El Korany spoke as part of a media roundtable panel discussion titled, “The Saudi-Iran Rivalry and the Changing Landscape in the Middle East”, which also featured Mustapha El Sayyid, adjunct professor of political science. The roundtable was moderated by Ahmed El Sawy, former managing editor of Al Shorouk newspaper and a regular columnist in Al Masry Al Youm, Al Tahrir and Al Shorouk.
Both countries have their points of strengths and weaknesses, noted El Sayyid. “Iran supersedes Saudi Arabia in scientific research and military advancement, and has fared well despite the economic boycott, so the country appears to be in a better position.” On the other hand, he added, “the unemployment rate in Saudi Arabia is lower than Iran, and the Kingdom can still handle the decrease in oil prices better than Iran.”
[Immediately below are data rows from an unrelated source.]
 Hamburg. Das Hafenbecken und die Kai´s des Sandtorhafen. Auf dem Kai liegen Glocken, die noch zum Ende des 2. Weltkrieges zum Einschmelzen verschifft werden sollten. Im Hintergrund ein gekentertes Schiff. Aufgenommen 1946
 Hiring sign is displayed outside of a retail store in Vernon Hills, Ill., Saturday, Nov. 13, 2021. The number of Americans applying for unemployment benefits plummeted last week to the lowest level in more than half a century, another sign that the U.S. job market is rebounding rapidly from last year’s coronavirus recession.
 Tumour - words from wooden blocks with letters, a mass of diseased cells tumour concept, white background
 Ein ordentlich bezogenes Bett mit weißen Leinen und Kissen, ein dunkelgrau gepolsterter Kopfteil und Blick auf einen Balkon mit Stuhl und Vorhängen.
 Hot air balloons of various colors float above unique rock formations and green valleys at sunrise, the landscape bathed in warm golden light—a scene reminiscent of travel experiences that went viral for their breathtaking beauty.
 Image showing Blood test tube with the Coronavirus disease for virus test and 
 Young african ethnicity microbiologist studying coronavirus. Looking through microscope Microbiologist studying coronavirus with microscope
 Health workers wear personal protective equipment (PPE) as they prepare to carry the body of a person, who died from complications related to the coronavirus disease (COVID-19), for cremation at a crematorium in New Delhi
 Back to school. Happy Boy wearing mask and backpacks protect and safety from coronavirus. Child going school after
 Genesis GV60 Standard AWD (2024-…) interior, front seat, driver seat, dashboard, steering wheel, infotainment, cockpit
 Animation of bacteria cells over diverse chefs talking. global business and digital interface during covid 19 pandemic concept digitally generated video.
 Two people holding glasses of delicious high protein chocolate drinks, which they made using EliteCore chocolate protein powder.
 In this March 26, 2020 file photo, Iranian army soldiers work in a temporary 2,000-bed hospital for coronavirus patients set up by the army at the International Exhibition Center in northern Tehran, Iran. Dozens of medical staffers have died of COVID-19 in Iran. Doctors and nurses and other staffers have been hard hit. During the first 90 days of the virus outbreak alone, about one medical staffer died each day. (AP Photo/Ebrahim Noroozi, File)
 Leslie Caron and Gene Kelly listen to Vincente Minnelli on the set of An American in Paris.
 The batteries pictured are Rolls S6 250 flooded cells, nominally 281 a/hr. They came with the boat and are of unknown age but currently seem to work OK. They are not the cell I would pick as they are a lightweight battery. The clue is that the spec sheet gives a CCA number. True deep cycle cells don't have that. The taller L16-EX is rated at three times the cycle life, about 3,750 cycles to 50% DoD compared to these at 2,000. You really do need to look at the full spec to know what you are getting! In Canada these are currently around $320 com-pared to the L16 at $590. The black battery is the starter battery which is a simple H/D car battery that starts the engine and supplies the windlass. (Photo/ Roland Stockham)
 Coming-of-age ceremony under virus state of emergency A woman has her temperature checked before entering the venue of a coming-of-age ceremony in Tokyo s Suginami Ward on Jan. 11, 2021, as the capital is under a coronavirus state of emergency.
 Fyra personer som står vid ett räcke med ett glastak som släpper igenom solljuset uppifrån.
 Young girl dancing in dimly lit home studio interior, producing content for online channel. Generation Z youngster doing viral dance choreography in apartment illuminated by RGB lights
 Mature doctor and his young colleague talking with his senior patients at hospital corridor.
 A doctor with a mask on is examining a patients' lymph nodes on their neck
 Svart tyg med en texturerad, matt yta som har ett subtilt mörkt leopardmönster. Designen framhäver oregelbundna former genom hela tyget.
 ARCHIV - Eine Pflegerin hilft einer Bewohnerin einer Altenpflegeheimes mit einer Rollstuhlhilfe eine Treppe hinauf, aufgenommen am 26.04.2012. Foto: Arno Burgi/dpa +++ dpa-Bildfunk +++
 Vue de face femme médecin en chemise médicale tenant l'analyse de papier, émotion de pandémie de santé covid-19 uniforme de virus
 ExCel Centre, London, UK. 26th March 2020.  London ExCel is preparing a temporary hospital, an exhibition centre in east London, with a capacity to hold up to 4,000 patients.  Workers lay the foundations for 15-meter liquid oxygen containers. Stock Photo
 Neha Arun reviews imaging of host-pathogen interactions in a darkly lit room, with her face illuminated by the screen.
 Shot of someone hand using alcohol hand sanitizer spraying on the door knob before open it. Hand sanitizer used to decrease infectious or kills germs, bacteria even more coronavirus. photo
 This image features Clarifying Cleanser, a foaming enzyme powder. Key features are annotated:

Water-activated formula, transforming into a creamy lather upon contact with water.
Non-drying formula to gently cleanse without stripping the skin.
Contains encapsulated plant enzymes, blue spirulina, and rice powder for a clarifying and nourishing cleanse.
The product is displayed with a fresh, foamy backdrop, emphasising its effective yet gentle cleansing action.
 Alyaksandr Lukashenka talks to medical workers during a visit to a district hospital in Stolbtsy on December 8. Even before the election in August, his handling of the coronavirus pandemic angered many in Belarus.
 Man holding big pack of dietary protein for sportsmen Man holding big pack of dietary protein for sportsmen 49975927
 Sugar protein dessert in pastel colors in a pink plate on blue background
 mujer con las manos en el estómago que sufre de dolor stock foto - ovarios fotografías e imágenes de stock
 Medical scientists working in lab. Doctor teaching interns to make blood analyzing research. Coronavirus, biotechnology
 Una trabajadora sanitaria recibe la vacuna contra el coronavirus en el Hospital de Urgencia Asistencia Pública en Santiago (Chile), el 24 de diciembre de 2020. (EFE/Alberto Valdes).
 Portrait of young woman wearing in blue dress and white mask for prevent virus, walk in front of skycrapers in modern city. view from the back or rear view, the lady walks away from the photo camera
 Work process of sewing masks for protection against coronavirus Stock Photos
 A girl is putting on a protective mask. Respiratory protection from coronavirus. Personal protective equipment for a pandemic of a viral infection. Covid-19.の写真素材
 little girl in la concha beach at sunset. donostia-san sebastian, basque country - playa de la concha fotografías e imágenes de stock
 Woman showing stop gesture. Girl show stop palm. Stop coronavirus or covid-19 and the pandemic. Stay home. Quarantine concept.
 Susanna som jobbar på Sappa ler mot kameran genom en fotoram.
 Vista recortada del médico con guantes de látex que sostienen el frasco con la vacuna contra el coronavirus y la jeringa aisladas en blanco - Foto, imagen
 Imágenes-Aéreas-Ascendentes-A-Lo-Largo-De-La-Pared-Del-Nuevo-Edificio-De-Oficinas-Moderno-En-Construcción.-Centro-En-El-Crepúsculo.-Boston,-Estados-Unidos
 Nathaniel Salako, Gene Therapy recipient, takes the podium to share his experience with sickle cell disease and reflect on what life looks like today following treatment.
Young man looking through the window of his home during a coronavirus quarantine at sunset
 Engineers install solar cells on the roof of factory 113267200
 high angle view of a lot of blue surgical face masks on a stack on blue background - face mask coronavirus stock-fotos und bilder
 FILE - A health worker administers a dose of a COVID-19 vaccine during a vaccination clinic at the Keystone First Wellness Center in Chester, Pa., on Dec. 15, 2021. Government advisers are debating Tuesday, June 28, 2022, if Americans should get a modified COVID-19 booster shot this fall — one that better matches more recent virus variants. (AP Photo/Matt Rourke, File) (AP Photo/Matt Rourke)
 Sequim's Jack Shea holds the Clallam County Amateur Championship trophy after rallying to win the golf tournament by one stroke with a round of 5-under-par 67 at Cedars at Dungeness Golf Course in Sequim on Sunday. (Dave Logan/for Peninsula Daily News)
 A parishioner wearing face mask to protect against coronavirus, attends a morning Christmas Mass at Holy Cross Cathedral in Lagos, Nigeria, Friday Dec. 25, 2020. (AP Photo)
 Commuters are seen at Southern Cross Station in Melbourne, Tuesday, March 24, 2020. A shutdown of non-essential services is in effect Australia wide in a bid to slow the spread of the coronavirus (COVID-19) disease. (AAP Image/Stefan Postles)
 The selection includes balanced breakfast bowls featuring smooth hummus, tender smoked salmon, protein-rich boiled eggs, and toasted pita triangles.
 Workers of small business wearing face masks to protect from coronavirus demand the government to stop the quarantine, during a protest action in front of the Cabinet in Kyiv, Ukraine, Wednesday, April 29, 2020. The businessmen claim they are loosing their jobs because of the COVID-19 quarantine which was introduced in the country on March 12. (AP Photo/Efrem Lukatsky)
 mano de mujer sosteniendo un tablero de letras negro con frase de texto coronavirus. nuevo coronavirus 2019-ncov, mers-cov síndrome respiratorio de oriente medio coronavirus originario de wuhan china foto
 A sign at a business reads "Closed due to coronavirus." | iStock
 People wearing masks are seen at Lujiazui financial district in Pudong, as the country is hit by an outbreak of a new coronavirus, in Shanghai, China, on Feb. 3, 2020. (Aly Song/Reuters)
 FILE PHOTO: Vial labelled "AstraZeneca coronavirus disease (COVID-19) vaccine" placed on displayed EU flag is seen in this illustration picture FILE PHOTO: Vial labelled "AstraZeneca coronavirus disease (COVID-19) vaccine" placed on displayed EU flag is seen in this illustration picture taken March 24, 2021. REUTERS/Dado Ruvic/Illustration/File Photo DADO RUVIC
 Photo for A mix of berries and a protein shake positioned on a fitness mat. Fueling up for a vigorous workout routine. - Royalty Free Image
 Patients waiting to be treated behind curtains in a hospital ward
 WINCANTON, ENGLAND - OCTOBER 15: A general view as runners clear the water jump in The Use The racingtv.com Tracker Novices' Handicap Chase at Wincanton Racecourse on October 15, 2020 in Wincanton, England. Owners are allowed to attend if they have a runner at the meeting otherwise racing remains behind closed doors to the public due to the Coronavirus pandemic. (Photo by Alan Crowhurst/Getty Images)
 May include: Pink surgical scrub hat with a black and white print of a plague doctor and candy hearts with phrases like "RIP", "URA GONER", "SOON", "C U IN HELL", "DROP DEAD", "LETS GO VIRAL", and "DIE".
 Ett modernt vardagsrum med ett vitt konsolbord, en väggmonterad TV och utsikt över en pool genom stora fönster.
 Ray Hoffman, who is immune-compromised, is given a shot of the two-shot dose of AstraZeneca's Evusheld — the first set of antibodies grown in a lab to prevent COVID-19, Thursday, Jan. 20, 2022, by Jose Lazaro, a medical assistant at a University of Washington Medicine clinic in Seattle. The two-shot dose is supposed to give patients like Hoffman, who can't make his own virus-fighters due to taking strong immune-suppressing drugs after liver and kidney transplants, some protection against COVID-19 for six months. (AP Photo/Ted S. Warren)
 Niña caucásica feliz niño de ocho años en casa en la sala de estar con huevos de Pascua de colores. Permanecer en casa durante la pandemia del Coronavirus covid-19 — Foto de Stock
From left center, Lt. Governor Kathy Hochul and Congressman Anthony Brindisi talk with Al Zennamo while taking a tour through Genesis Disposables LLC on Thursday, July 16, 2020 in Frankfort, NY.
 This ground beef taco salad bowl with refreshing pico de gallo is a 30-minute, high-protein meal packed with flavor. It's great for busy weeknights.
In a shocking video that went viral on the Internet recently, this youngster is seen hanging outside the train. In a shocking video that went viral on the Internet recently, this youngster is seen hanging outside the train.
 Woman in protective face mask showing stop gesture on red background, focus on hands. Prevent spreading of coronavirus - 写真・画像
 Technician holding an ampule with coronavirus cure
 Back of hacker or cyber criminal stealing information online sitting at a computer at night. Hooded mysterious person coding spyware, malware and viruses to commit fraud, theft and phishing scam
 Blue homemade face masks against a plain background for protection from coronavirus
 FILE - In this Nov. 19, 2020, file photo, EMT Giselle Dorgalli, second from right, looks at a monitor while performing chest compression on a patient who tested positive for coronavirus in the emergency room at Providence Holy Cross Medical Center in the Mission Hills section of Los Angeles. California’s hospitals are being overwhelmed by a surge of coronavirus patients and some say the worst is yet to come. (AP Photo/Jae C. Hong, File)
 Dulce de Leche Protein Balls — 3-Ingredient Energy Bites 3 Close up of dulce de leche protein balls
The support of neighboring Middle Eastern countries is vital for regional stability and to prevent the emergence of a war between both countries. “Egypt, for example, could help in reconciliation efforts between the two countries,” stated Korany. “Egypt has an elite diplomacy and the ability to mentor and guide before a crisis takes place. However, Saudi Arabia needs to provide more transparency in its decision-making process. Since the 1980s, it has changed its policies drastically without providing transparency.”
While the future of the Saudi-Iran conflict is unknown, the hope is to achieve peace. “I hope that decision makers in both countries think in a bilateral way, which could eventually lead to a resolution rather than thinking in a sectarian manner,” said Korany. “I am worried that the more sectarianism is used and repeated in the media as the source of conflict, it would become a reality.”